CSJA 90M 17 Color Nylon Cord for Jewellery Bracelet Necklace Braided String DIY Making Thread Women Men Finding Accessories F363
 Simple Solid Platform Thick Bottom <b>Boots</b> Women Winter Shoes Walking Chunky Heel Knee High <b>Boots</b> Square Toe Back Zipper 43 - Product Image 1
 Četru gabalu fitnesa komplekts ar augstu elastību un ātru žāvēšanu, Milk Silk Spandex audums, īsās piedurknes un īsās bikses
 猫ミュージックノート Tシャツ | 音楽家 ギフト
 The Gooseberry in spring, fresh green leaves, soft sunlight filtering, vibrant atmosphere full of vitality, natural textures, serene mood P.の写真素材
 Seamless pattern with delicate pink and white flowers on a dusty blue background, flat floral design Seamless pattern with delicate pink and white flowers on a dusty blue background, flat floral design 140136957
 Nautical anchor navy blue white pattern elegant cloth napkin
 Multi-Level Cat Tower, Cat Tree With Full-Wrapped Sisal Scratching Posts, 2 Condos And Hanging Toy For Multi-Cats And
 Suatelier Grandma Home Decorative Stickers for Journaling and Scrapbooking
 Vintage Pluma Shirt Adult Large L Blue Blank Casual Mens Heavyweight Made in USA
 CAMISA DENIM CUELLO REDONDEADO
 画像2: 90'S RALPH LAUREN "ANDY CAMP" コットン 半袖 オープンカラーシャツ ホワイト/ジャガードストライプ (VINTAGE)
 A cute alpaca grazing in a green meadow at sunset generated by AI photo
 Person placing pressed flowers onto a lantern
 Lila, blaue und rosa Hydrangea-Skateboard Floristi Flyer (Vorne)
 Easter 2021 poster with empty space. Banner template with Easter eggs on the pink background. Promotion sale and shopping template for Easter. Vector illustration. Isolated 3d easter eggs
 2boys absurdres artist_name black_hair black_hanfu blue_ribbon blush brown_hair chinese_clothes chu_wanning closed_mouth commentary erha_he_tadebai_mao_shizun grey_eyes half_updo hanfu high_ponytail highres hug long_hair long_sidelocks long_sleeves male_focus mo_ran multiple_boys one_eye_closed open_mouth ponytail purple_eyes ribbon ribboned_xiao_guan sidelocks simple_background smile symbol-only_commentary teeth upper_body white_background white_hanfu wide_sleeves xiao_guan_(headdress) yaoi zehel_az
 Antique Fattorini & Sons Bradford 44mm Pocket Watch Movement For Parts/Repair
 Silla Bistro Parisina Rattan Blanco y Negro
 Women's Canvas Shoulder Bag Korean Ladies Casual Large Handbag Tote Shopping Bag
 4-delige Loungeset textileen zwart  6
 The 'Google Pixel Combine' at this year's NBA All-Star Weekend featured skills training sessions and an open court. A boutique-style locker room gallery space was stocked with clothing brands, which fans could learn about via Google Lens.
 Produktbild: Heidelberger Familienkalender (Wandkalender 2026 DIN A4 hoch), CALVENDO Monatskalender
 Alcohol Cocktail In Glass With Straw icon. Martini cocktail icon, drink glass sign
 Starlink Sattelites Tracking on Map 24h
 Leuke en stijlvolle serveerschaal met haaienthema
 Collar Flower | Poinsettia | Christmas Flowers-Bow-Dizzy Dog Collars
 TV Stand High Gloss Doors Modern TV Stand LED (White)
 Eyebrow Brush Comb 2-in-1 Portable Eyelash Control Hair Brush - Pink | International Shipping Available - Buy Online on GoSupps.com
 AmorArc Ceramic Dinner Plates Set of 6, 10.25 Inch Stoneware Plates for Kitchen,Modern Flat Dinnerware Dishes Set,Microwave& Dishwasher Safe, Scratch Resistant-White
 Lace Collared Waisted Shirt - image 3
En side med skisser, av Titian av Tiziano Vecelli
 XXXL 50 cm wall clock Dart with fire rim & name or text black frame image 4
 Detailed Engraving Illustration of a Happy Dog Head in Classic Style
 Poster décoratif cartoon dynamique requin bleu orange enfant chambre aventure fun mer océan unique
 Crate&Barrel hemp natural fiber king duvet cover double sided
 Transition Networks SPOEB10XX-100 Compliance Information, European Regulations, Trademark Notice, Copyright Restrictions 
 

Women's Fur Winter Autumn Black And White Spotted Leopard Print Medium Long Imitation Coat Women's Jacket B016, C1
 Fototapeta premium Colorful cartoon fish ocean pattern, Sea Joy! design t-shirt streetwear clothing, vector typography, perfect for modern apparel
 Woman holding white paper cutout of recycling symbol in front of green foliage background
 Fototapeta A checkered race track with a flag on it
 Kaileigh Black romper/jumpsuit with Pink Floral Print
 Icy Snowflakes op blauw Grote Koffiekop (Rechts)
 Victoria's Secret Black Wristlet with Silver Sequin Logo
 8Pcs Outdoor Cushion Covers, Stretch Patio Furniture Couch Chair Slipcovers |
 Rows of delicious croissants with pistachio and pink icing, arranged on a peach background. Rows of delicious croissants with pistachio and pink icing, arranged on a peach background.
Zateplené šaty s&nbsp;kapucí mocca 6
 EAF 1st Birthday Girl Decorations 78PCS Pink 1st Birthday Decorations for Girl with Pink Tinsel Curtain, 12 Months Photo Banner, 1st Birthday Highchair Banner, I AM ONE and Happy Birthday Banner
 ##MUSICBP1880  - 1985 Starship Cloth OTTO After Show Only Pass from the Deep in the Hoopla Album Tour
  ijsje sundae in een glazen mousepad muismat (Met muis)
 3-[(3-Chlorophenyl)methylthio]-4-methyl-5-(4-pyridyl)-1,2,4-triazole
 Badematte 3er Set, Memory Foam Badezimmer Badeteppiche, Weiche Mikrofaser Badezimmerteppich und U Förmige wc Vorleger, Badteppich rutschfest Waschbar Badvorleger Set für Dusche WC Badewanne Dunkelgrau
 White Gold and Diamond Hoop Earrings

▶ **Problem requirements**: Count how many lines above include the word "natural" and answer with that figure only.

▶ **Your solution**: 2